◆ What to produce: From the line with "New retro, versatile" through the line with "Best - Grade", inclusive, return each line of the data below exactly and leave the rest out.

◆ Input data:

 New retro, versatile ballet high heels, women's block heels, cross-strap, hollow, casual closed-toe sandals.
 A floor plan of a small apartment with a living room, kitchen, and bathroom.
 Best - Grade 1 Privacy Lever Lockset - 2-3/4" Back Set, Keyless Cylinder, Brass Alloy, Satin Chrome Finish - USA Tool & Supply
==
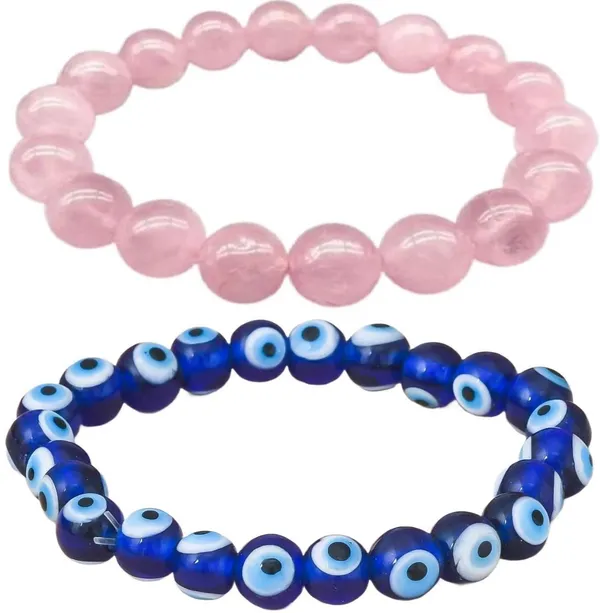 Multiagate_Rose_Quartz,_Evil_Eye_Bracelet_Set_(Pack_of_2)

◆ Solution to the problem:
 New retro, versatile ballet high heels, women's block heels, cross-strap, hollow, casual closed-toe sandals.
 A floor plan of a small apartment with a living room, kitchen, and bathroom.
 Best - Grade 1 Privacy Lever Lockset - 2-3/4" Back Set, Keyless Cylinder, Brass Alloy, Satin Chrome Finish - USA Tool & Supply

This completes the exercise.